We all know about Cryptocurrency "best practices". They involve things like...
- Using a hardware wallet or paper wallet for longterm storage of coins we plan on keeping for a longtime.
- Not keeping a lot of money on exchanges, and not keeping money on exchanges were not actively trading with.
- Spreading ourselves out across multiple exchanges, don't be 100% into a single exchange.
- Have a computer strictly for crypto.
We've all heard these things, we all know they are the smart ways to store and handle our cryptocurrency. That said whether it be because of lazyness, exchange withdrawl fees, or any host of a number of other reasons many of us don't necessarily practice what we preach or don't do what we know we should.
I'll be the first to admit I'm guilty of this. Sure my Trezor can hold a lot of coins, but there's also many coins it can't hold like NEO and NAV among dozens of others. Also exchange fees, the fees to take most coins off of exchanges are pretty stiff meaning we lose a lot of money everytime we move money off an exchange to a wallet. For these and a host of other reasons many of us don't take security as seriously as we should.
Following the recent Bitgrail incident, the NEM hack, and other instances of people losing money from the past, I've recently started taking protecting my coins more seriously.
How I'm Being More Safe With My Crypto
I've decided to consolidate the number of coins I hold. The days of having a crypto portfolio of 20, or 30, or 50 coins is behind me. Sure I may scatter $50 across some longshots, but that can stay on an exchange. I've decided for most of my money to consolidate myself into a handful of coins such as Bitcoin, Ethereum, Litecoin, NEO, Stellar, NAV, and Lisk. BTC, ETH, and LTC can go on my Trezor. NEO, Stellar, and NAV can go into their prospective wallets. Just to mention a few, the NEON wallet for NEO is AMAZING. Incredibly easy to use and you earn gas. For NAV I'm a huge fan of the NavPay wallet for mobile for smaller amounts of money and the Nav wallet for your computer allows you to stake and earn either 4% or 5%, I don't recall if they've dropped the staking reward yet.
2FA, two factor authentication is incredibly important, it's something we all should be using and I would imagine most of you guys are. But quick question. How many of you backed up your Google Authenticator seed? When you create a new Google authenticator code you're shown the recovery seed one time, if you don't save it or write it down you'll never see it again. Unlike Authy, there is no way to see it again or back it up again. I forgot to save mine and have been hesitant to delete it and re-install. I'm finally getting around to it, I'm going to have to turn off 2FA on all my accounts, delete the Google Authenticator App from my phone, re-install it and then re-enable 2FA. Why this is so important is if my phone dies, falls in water, if I lose it, etc I lose access to all my trading accounts. This, if it were to happen, would require a long painful process of reaching out to all exchanges, telling them what happenned, providing my ID's probably a half dozen times, and hopefully within a few weeks having them unlock 2FA so I can trade again. I'd hate to have this happen so I'm being proactive and getting everything re-enabled with a Google Authenticator account I actually have backed up.
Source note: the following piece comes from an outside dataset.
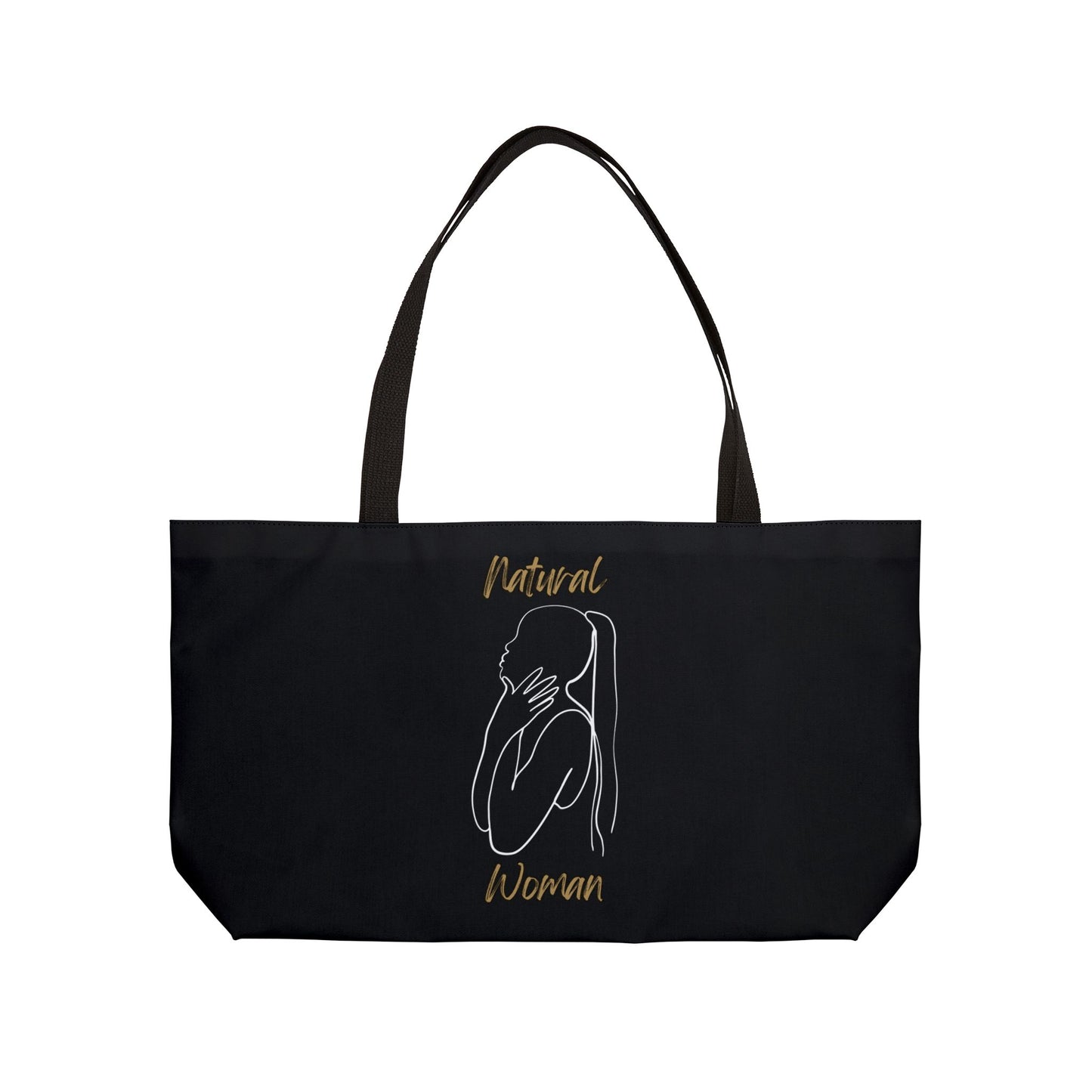 Natural Woman Ponytail (WL) Weekender Tote Bag BLACK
Moving coins off exchanges and to wallets. I know it sucks, we all hate withdrawl fees. That said I'd rather lose a small percentage of my holdings to fees than lose it all to a hack or databreach. Now in reality if were using Tier 1 exchanges like Bittrex and Binance, maybe in your opinion Tier 1 exchanges are different than those two, but those are two I think highly of. If your using Tier 1 exchanges in reality your pretty safe. That said if your using more obscure exchanges like YoBit, HitBTC, BitGrail, I'd be very careful about how much money I leave on there and how long I leave it on there for.
Using a crypto only laptop. I realize this is tough for many people to do. Not all of us have multiple laptops nor do some of us have the funds to buy multiple laptops. Not only that but many of us like to be able to access crypto from work, on the go, from home and this does make this more inconvenient. That said it's safer. Something I'm doing is wiping an old laptop I have and moving all my wallets over to that laptop. I will only access desktop wallets from this particular laptop.
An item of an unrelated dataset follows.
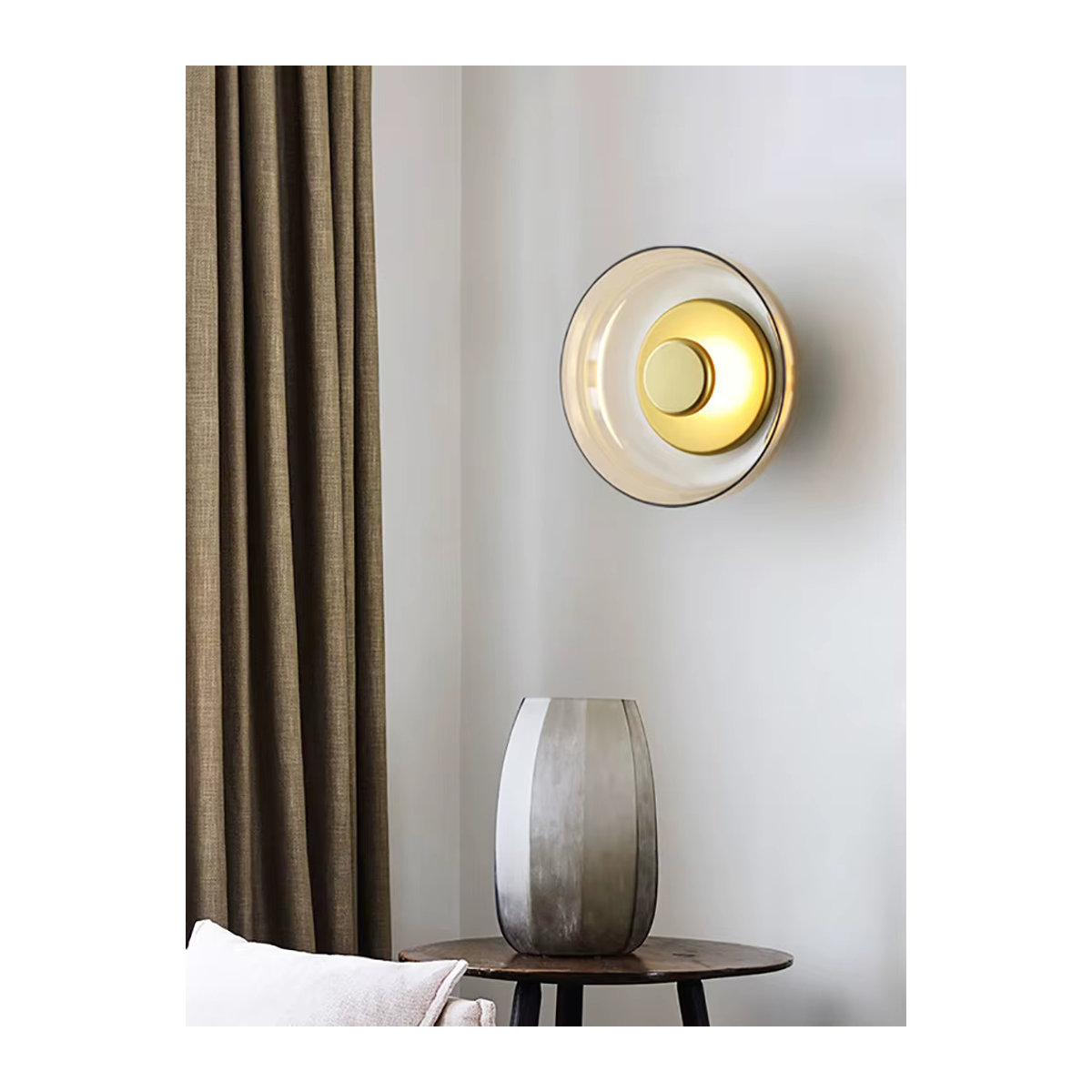 CETANT Vintage LED Wandleuchte aus Glas im minimalistischen Retro-Design - Bild 4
Now you don't have to follow every one of these steps, but I do think it's something to keep in mind. I'll be honest, despite giving advice to people new to crypto I often tell them these things, while not always following this advice myself. After seeing many people I know personally affected by the BitGrail incident it's forced me to re-examine my security.
Curious to hear from you guys? What are your crypto best practices you follow? What are your weaknesses?